日産にとってのエース・ナンバーは,やはり“23”。


 かなり分かりやすい数字でありますが,ここから1を引いた“22”は準エース,というところです(USでは逆に,1を足していた記憶があります)。その準エースがFIA−GT1初勝利をもたらしました。といっても,タイトルに掲げた通り,「暫定」ではありまして,車両規則に引っ掛かったアストン・マーティンが抗議をしているそうでありまして。
 ともかく。FIA−GT1で勝負権を持ったマシンに仕上がりつつある,ということは少なくとも言えるのかな,と感じるところです。ということで,フットボールから離れて,モータースポーツな話であります。


 さて。GT−Rが初勝利を挙げたのは,第2戦・シルヴァーストンであります。フォーミュラ1をホストするレース・トラックでありまして,ドニントン・パークやブランズ・ハッチなどと並んで,UKを代表するサーキットであります。UK,となると,GT−RをFIA選手権へと持ち込んでいる“SUMO POWER”にとって,お膝元で行われるラウンド,と位置付けられます。
 彼らのサイトにもGT1選手権についてのリリースが掲載されていますが,それ以上に気になったリリースがそのリリースの下にありました。UKでもD−1に相当する選手権が開催されている(しかも,欧州選手権)ことに,驚くと同時に結構納得しましたし,その主戦兵器としてSUMO POWERが持ち込むのが(確か,UKへの正規輸出はしていなかったはずの)S15系シルビア,とのこと。HKSなどの代理店をしているだけあって,マシンの選択も「それらしい」し,モディファイの方向性もやはり,「それらしい」,というのがちょっと面白く感じてしまいました。


 ・・・話戻しまして。レースの流れは日産のレース・レポート(日産・オフィシャル)に譲るとして,個人的にはどのあたりまでGT−Rの熟成が進んでいるのか,シーズン序盤でどの程度の勝負権を持っているのか,が気になっていました。
 まだ,マシンごとのバラツキがある,というのは気になるところですし,エース・ナンバーを背負っているマシンが意外にポジションが低かった,というところに,セッティングのツボをまだ見出しきれていないのかも,という印象を受けましたが,翻って考えれば,22はUKベースのチームであることがポジティブに作用した(セッティングのツボに持っていくことができていた)のかも,と思うところです。そして,現段階でも,一定程度の戦闘力を持っていることはリザルトで示すことができているか,と。あとは,やはりどこまでアストン勢を追い詰められるか,でありましょう。アストンはGTではあるけれど,シャシー・エンジニアリングを考えてみると市販車,というよりはレーシング・マシンに近い構造を持っています。そのアドバンテージを削りにいくわけだから,チームにとってはかなりのチャレンジになるだろう,と思います。

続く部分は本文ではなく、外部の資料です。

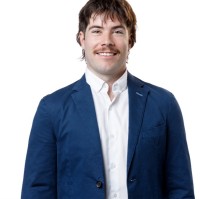 Building Services Engineers Pty Ltd Employee Kyle Matthews's profile photo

 当然,第2戦を受けて,アストンは日産を強く意識してくるはず。彼らを上回るスピードで戦闘力を上げていくことができるならば,日本車メーカにとっては遠くなってしまった「タイトル」が現実的な視界に収まる,かも知れません。
 ニスモのバックアップも当然ですが,実戦部隊であるSUMO POWERなどには,タイトルを意識しながら戦っていってもらいたいところです。